Дед обожал осыпать ее подарками. Возвращаясь в свою спальню, она нередко находила то изящный зонтик, отделанный тончайшим кружевом, то набор черепаховых гребней. Однажды за ужином она развернула салфетку, и ей в руку скользнул серебряный медальон, когда-то принадлежавший ее матери. И хотя ее несколько смущала щедрость деда, она с благодарностью принимала его подарки, чтобы не огорчать старика.
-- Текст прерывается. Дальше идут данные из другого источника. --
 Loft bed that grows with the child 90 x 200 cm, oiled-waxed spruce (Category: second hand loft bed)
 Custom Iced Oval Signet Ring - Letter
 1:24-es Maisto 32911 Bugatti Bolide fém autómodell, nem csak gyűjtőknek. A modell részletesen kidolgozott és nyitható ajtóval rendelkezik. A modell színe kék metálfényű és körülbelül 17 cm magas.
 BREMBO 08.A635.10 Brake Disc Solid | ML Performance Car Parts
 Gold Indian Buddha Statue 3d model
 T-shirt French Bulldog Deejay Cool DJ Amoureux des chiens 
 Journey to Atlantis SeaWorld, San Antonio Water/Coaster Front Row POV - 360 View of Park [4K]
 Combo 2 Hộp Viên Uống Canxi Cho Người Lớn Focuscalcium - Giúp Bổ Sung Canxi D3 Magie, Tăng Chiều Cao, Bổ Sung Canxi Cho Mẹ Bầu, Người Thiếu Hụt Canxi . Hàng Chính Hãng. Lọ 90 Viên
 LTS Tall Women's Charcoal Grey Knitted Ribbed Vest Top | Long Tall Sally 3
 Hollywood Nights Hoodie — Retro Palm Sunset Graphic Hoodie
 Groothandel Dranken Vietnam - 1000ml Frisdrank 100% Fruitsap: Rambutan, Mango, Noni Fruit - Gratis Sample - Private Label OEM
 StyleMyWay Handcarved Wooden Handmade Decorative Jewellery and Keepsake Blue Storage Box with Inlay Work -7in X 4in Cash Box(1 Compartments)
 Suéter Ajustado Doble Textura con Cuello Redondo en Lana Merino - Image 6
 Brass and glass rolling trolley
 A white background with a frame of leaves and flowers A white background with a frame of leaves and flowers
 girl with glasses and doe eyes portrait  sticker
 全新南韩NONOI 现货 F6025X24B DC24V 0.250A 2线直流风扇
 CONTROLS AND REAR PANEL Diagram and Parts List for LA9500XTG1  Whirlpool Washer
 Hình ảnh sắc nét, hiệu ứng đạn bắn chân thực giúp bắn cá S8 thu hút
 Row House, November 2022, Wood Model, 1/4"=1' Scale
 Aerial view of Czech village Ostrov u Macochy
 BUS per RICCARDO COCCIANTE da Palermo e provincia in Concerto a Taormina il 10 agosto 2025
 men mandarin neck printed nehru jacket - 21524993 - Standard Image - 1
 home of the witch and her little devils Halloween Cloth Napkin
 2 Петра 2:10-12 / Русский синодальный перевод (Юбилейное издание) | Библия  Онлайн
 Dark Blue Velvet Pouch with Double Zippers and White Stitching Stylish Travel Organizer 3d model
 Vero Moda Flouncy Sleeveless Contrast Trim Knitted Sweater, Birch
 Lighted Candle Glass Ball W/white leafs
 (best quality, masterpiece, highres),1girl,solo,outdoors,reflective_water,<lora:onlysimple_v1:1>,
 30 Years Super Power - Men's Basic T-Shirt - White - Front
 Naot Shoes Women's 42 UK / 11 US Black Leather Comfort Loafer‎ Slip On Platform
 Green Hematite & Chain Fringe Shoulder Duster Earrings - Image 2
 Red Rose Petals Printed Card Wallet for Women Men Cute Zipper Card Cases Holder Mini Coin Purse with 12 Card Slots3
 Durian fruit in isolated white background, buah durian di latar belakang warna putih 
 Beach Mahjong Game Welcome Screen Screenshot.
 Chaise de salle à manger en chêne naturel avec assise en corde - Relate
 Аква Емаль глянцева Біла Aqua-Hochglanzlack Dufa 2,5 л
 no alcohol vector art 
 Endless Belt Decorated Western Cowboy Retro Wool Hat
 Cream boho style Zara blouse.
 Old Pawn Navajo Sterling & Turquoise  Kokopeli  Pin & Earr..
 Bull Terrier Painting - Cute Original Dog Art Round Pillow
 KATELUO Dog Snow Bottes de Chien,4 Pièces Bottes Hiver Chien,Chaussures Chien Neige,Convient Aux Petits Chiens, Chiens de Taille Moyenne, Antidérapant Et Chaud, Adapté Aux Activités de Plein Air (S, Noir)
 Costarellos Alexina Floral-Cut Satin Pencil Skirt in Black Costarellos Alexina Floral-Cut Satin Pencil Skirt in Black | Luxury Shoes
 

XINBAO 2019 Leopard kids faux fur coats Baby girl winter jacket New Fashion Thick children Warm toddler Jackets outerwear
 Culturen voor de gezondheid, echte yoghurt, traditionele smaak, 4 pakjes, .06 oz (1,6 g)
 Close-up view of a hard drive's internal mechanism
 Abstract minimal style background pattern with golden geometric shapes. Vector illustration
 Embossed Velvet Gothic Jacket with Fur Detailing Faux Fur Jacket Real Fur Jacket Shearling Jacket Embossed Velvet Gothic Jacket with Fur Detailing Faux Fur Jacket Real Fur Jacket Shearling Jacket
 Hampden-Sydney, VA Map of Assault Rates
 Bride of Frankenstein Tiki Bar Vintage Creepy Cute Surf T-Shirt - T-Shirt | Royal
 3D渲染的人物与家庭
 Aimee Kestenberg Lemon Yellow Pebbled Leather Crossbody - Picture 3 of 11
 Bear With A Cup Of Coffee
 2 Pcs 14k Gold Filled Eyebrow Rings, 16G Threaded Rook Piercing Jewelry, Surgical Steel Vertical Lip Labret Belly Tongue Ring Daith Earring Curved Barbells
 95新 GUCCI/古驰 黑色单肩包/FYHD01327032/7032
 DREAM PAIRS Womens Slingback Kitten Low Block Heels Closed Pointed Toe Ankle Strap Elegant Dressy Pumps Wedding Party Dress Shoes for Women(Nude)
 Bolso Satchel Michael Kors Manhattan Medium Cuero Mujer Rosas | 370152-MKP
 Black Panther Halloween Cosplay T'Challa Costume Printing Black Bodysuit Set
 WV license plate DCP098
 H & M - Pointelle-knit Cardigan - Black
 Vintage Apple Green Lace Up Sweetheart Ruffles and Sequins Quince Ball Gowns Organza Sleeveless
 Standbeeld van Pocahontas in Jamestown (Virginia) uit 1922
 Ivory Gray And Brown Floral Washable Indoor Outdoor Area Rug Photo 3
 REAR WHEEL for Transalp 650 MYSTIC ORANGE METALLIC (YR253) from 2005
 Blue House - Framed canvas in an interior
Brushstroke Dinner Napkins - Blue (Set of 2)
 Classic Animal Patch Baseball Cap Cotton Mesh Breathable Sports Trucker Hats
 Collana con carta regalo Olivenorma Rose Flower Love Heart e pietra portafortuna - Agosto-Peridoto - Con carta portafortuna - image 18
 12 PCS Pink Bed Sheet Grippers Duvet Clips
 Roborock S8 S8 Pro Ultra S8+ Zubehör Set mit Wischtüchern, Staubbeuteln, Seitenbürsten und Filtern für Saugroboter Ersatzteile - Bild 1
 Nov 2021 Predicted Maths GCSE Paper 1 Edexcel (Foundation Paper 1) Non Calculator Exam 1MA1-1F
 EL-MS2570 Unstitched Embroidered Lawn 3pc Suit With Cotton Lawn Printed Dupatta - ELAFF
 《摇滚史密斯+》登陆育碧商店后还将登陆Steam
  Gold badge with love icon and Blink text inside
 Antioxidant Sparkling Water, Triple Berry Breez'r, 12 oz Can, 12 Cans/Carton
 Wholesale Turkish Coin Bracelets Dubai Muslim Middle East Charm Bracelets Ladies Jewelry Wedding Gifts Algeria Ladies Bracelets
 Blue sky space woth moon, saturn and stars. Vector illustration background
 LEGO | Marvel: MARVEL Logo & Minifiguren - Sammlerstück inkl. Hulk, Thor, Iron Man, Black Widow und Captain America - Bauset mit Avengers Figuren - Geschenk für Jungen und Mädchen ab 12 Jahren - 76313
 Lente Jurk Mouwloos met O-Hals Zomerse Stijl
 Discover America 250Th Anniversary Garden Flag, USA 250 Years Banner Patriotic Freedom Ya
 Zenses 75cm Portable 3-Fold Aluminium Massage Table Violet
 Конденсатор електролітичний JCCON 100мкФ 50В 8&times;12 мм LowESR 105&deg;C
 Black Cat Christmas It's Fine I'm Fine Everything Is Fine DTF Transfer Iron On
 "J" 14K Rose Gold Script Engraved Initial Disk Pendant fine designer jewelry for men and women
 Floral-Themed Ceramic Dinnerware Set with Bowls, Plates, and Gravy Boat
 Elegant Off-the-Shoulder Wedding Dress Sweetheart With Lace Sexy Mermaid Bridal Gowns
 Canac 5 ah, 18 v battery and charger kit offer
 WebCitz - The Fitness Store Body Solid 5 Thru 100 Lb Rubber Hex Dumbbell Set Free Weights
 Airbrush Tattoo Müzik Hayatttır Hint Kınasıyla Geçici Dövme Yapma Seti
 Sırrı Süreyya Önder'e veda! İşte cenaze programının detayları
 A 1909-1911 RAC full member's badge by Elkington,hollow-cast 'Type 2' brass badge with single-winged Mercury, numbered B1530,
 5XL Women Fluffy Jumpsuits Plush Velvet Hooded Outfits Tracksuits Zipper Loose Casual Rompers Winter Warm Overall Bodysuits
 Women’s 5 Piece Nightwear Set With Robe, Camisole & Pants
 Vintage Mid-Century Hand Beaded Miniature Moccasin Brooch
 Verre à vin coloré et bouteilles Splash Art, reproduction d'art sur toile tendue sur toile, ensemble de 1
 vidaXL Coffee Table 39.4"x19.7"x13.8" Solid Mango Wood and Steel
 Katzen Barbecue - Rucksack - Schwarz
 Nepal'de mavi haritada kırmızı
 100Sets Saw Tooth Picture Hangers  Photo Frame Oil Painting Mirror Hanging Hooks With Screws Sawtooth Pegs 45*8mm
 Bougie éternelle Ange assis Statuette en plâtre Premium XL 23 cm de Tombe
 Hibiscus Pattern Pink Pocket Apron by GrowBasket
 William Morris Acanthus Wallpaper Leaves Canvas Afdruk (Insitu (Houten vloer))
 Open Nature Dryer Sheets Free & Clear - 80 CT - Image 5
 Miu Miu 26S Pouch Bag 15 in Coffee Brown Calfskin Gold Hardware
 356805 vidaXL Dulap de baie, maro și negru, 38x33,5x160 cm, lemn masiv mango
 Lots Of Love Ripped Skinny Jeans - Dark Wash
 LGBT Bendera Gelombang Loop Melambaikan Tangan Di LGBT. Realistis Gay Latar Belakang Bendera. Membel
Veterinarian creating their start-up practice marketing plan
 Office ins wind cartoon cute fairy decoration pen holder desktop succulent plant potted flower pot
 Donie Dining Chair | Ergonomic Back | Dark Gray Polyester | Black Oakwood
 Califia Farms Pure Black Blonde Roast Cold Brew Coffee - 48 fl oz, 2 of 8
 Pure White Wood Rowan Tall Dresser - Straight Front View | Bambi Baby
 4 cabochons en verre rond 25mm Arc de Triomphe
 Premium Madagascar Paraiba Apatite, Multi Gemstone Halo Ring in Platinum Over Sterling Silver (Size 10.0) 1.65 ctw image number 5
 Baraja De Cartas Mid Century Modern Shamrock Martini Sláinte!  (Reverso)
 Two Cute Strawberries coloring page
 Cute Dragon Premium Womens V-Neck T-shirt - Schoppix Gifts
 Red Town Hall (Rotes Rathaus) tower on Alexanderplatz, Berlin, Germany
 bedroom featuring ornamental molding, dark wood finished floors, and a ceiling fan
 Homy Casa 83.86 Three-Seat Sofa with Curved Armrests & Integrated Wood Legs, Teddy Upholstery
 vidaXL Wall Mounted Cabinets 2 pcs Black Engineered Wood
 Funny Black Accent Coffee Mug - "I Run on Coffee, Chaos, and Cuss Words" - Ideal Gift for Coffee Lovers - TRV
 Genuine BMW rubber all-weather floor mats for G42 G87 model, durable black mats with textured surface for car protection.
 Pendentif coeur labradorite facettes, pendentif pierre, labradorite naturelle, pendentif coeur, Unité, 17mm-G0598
В глубине души она понимала, что таким образом он старался искупить свою вину перед ней за то, что долгие годы не проявлял к ней родственного внимания.

Каждый вечер после ужина все трое переходили в музыкальную комнату, где Анна занималась вышиванием, Эсмеральда музицировала, а дед наслаждался любимой сигарой. Вскоре Эсмеральда стала избегать этих вечеров в музыкальной комнате. Что бы она ни играла, на всем лежал отпечаток меланхолии, а терпкий запах сигары пробуждал в ней такую острую тоску, что глаза застилали слезы, и она не видела нот.

За рождественским ужином дед едва сдерживал странное возбуждение. Он быстро расправился с едой и, не дождавшись, когда Эсмеральда попробует инжирный пудинг, нетерпеливо похлопал в ладоши и пригласил ее в музыкальную комнату, украшенную по случаю праздника сосновыми ветками.

Свежий смолистый запах будил радостные детские воспоминания. В камине весело потрескивал огонь, а на высоких окнах сияли свечи в бронзовых канделябрах, отгоняя прочь темноту зимней ночи.

На позолоченной стойке лежала скрипка с алым бантом на изящном грифе. Эсмеральда дрожащими руками развязала бант и благоговейно коснулась темного полированного дерева.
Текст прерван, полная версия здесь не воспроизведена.